I feel like pastoral ministry oriented jobs are easily and often subject to criticism. While criticism may range from well-founded to unreasonable, it’s easy to critique someone who is expected in their vocation to respond to a call and to care, and to care specifically for hurting people. Critiquing someone’s level of care though, can be subjective in the same way comedy is subjective. Because of this, pastors might be tempted to create clearer objective goals and tasks that usually are not preeminent to the job description.
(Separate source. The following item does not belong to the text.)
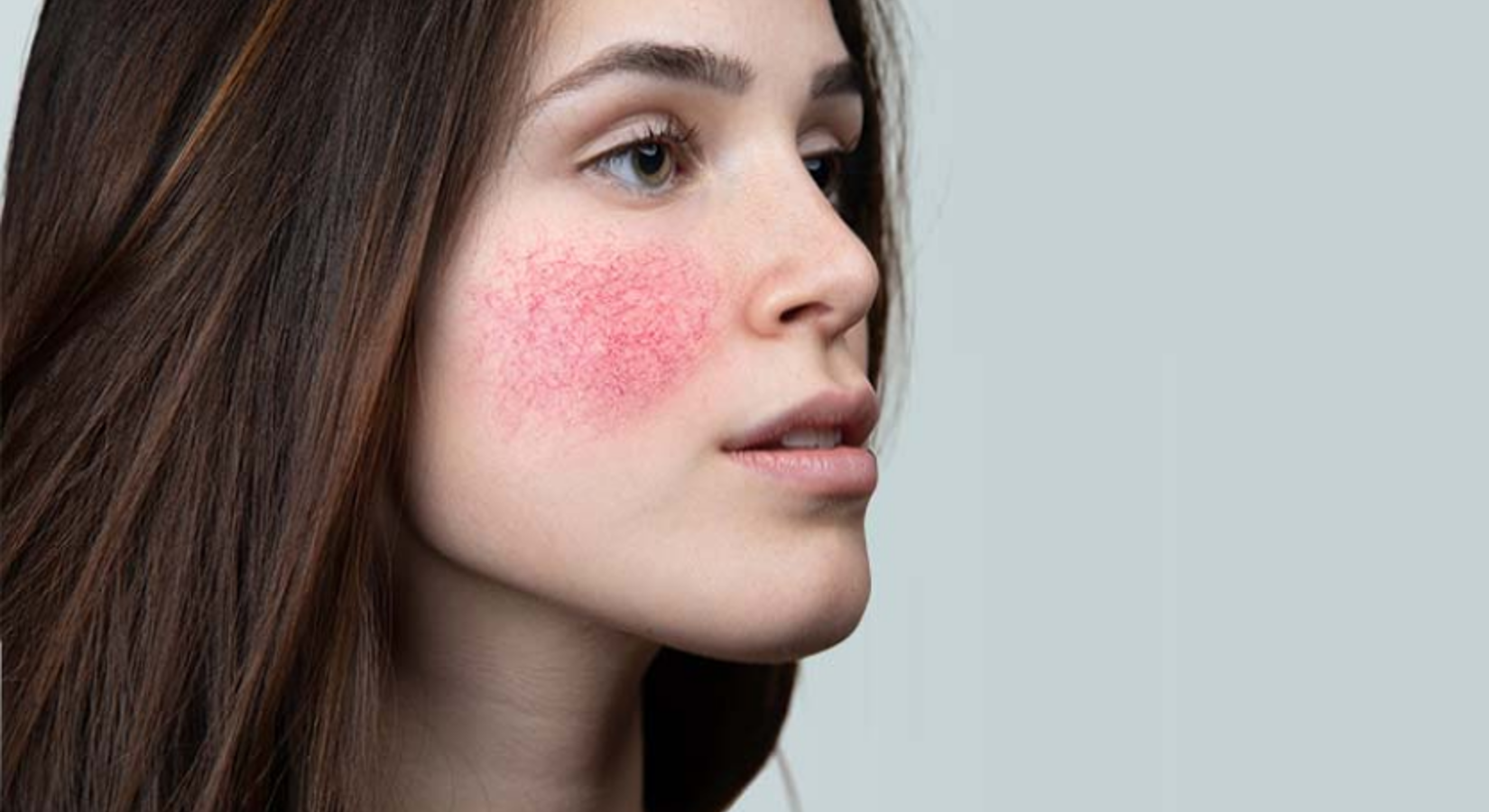 6 Faits Et Fables Sur Les Rougeurs Du Visage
Job descriptions are not fun to write, thankfully God wrote both the goal and mission statement for ministers. A pastor or shepherd exists to equip God’s people for works of service to build up the body, for unity and maturity’s sake (Eph. 4:11-12). How one goes about doing that is more expansive but it requires disciple-making (getting people to follow an example of living), baptism, and teaching or preaching. Oh yeah and a pastor cares about people, caring for and about people is important.
In Ezekiel 34, God gives a message to the shepherds, the leaders of the flock, a warning, a critique:
“What sorrow awaits you shepherds who feed yourselves instead of your flocks. Shouldn’t shepherds feed their sheep? You drink the milk, wear the wool, and butcher the best animals, but you let your flock starve. You have not taken care of the weak. You have not tended the sick or bound up the injured. You have not gone looking for those who have wandered away and are lost. Instead, you have ruled them with harshness and cruelty. So my sheep have been scattered without a shepherd, and they are easy prey for any wild animal…..”
In other words, you live off the sheep not for the sheep. You neglected your commission for your comfort. But God doesn’t tolerate that because God is The Good Shepherd.
The heartbeat of Jesus in being a pastor/shepherd does not view people or “sheep” as the means or even the end. Rather, they are more than a livelihood; they are a major part of life, expression and even a reflection of our love. The easy solution when pastors are prone to fail is to take away the responsibility and the sheep, which is what God threatens in Ezekiel 34:10.
However, Jesus, in reconciling Peter, rather than taking away Peter’s responsibility after a denial is to reconcile him to the task of feeding and tending to the sheep. God’s solution always involves reconciliation and it’s up to us to determine what side of the coin of reconciliation we end up on.
When Jesus asks Peter in essence, “Peter, where have you, a shepherd of my choosing gone? Where is your love?” Peter responds in essence and perhaps in tears, “It is here, my Lord, my love is here with you.” Then Jesus affirms, “Feed them, Care for them, See them.”